Resolutions are like promises, meant to be kept but rarely kept. And more so the New Year resolutions, which for me this year cannot even survive a day. Celebrating the arrival of the New Year till the late hours on 31st Dec meant that my first resolution of getting up by 6.00 a.m. was dead even before it can breathe. My second resolution which was exercising daily for at least 30 mins at least lived a bit longer. Even after getting up late, I, all determined to keep up my second resolution went to the Gym. To my dismay, it was closed on the occasion of 1st Jan. Cursing my luck, I was sure that the third resolution would not die the premature death. On my arrival back home my wife fumed at me and announced that maid has not yet come, as if I was responsible for her absenteeism.

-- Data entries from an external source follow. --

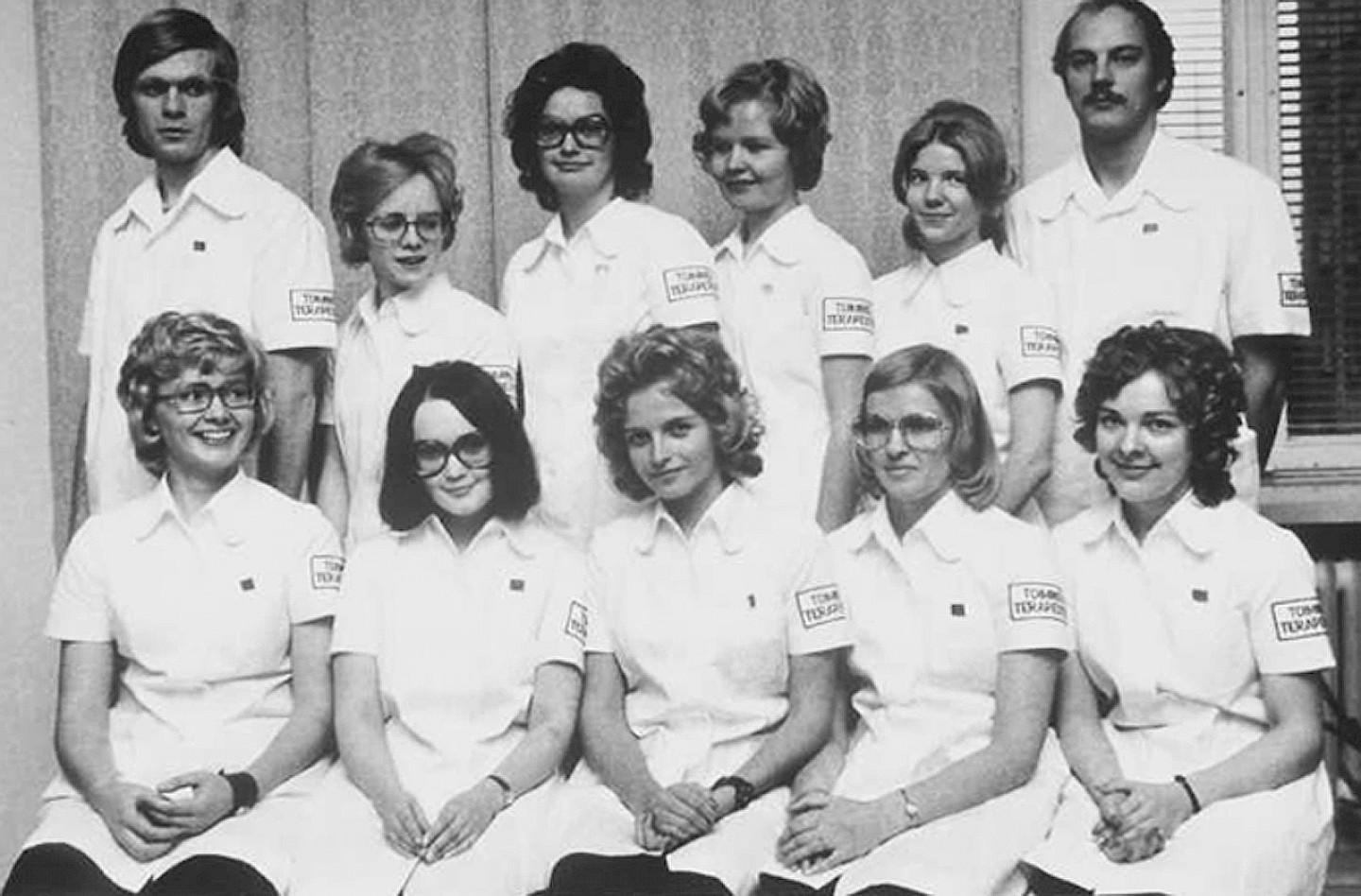 Kansainvälisyys on aina ollut osa toimintaterapeuttien koulutusta Ensimmäinen toimintaterapeuttikurssi valmistujaiskuvassa vuonna 1972. Takarivi (vas.) Kari Carlberg, Birgitta Björkenheim (Myllyluoma), Irmeli Kaila (Parjo), Tuula Ranta (Teppo), Marja Erola (Ojanperä) ja Jaakko Nevalainen. Eturivi vas. Helena Österman (Sirola), Eija Komonen (Lindholm), Heidi Kunnas (Taanonen), Marjatta Ikola (Salo) ja Merja Sirkanoja (Touru).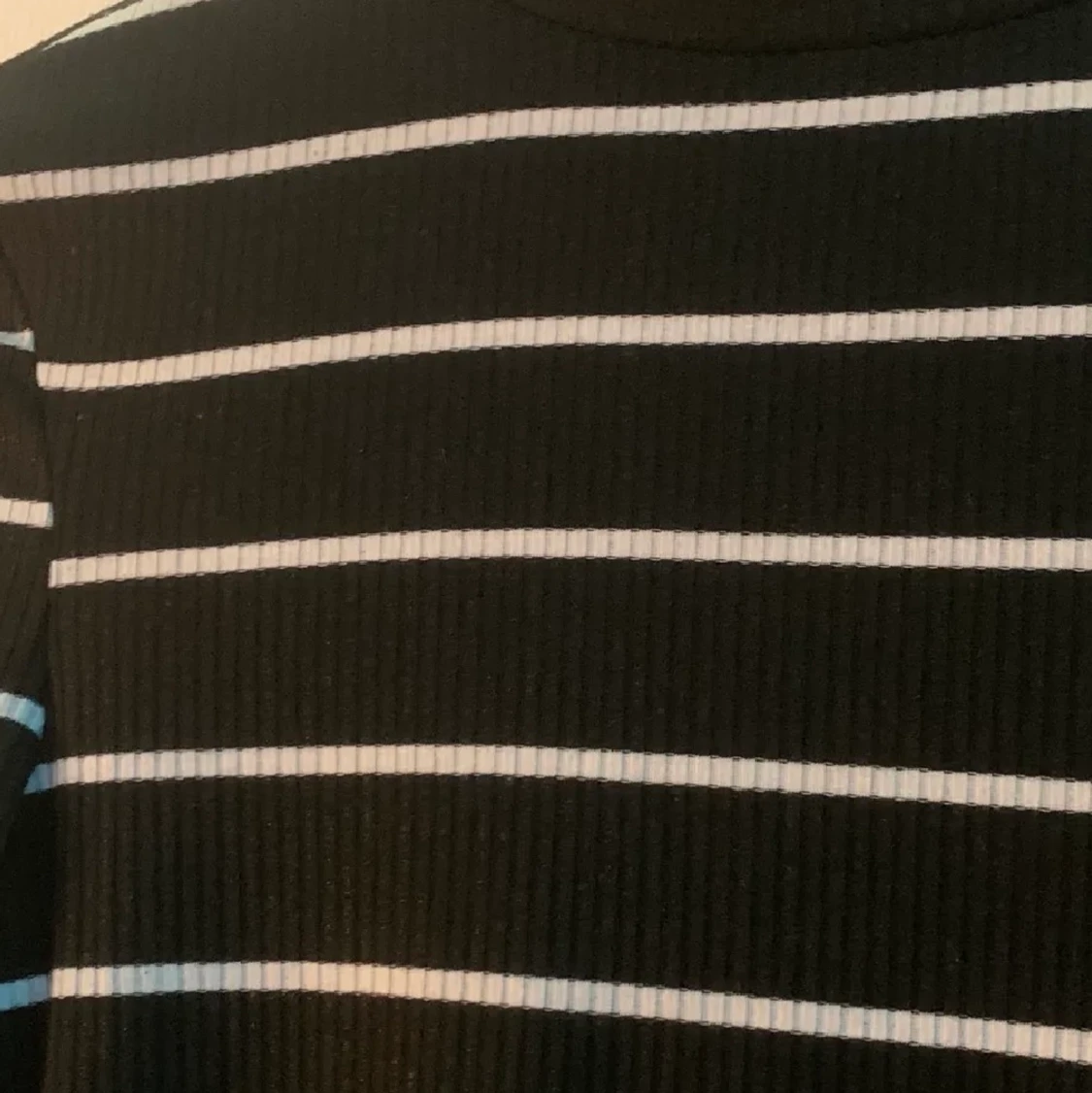 svart randig tröja  - 90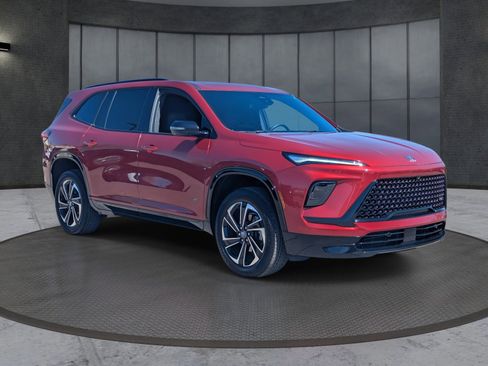 Used 2025 Buick Enclave Sport Touring image 8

And then the dreadful happened. She in clear words suggested that no food will be cooked at the home, as she did not wish to wash the dishes and as an obedient husband I had to fulfil her wish and take her out for the lunch, thus killing my next resolution of avoiding outside food. And to top it all my most ambitious resolution which was to push my limits failed too with the other three.
On the hindsight the choice of the resolutions was not very intelligent, as the first three were dependent on the happenings or non happenings of some other things and one was immeasurable, I mean how can I measure my limits? As always, my timid heart was excuse ready!!
But then, as I was sitting with my wife in the evening, my daughter came to us asking which color to fill in her coloring book. We were having a look at her book when my wife suggested why don’t I draw a flower and a hut. I did so, only to my embarrassment. I was never good in drawing but yesterday I realized that even my 4 year old daughter draws better than I. And, just looking at my wife and daughter laughing wholeheartedly on my drawing efforts made me also laugh. Then it dawned on me that the resolutions need not be living up to the big challenges or chartering unknown waters, but it can also be living simple moments. Hence, I decided that every Sunday my wife and I, together, would do two activities for 30 mins each– one at which she is better than I am- drawing, and the other at which I am better than she is – writing. I think apart from exploring new things, the quality time spent will only improve the strong bonding.
So, for I – The mortal, the resolution is finding the ways to be happier.